[EXCERPTED DATA — start]
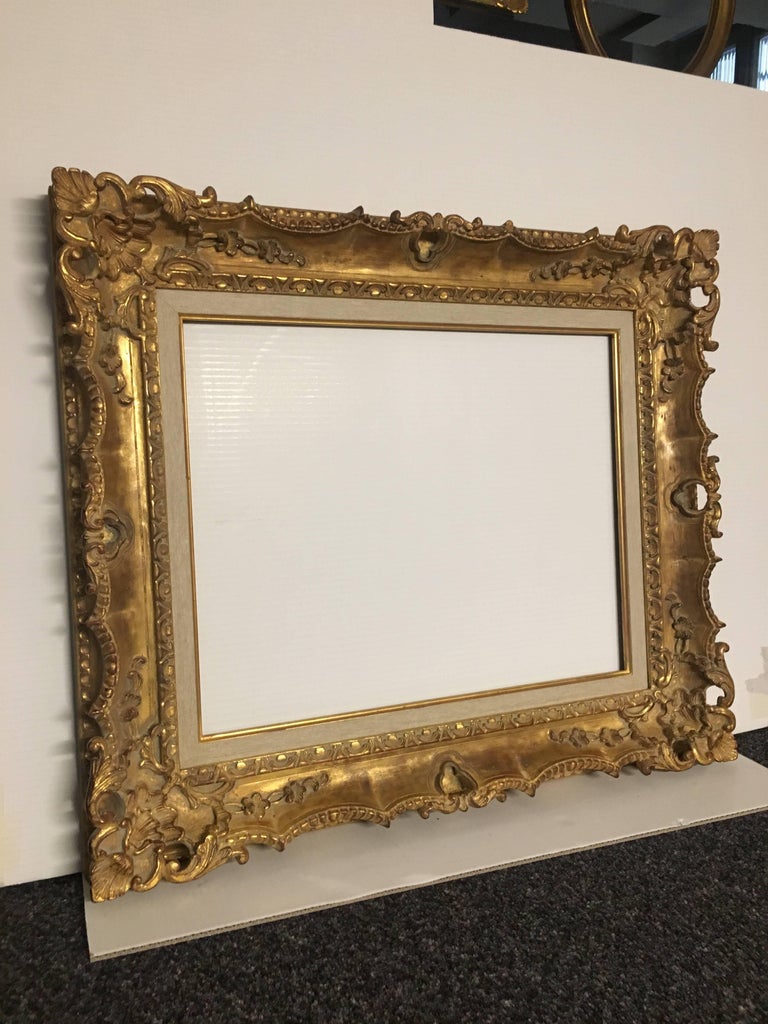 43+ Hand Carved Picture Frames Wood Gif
[EXCERPTED DATA — finish]
[EXCERPTED DATA — start]
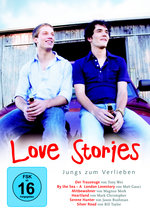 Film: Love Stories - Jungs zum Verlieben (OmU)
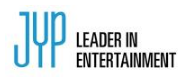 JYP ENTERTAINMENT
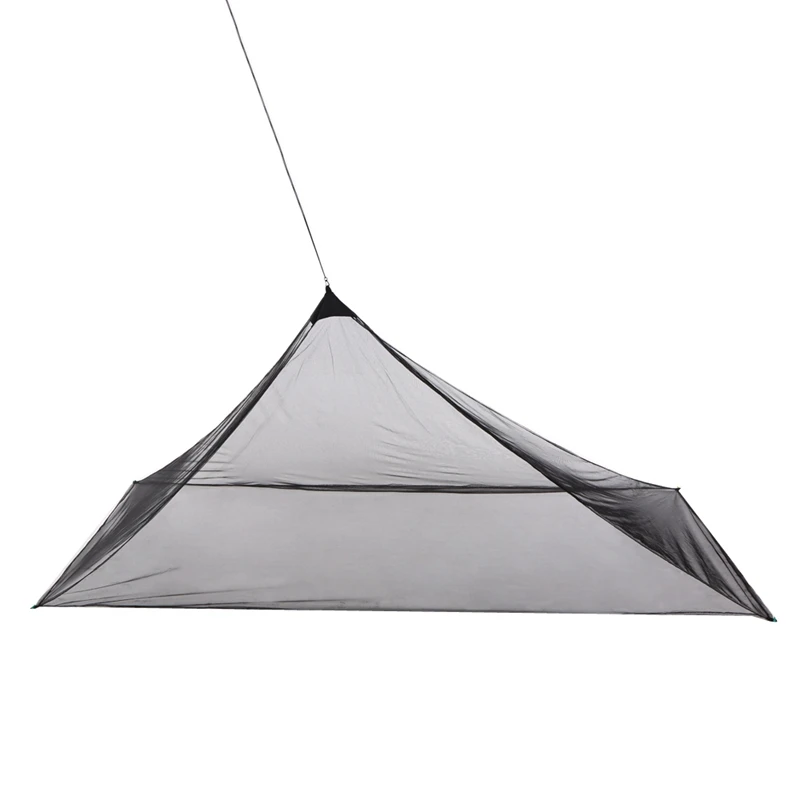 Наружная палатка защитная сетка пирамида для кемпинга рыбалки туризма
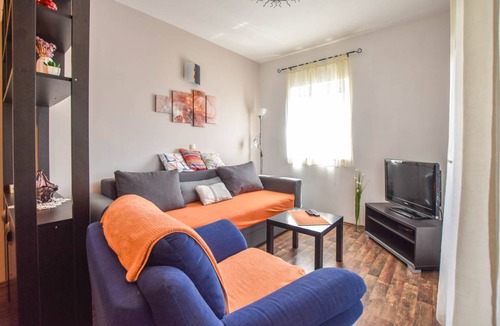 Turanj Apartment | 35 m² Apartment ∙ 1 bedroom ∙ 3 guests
[EXCERPTED DATA — finish]
*ABOUT THIS TASK*
Output should consist of the lines above from the one with "Наружная палатка защитная" down to the one with "Turanj Apartment |", exact and without pictures.

*EXERCISE SOLUTION*
 Наружная палатка защитная сетка пирамида для кемпинга рыбалки туризма
 Turanj Apartment | 35 m² Apartment ∙ 1 bedroom ∙ 3 guests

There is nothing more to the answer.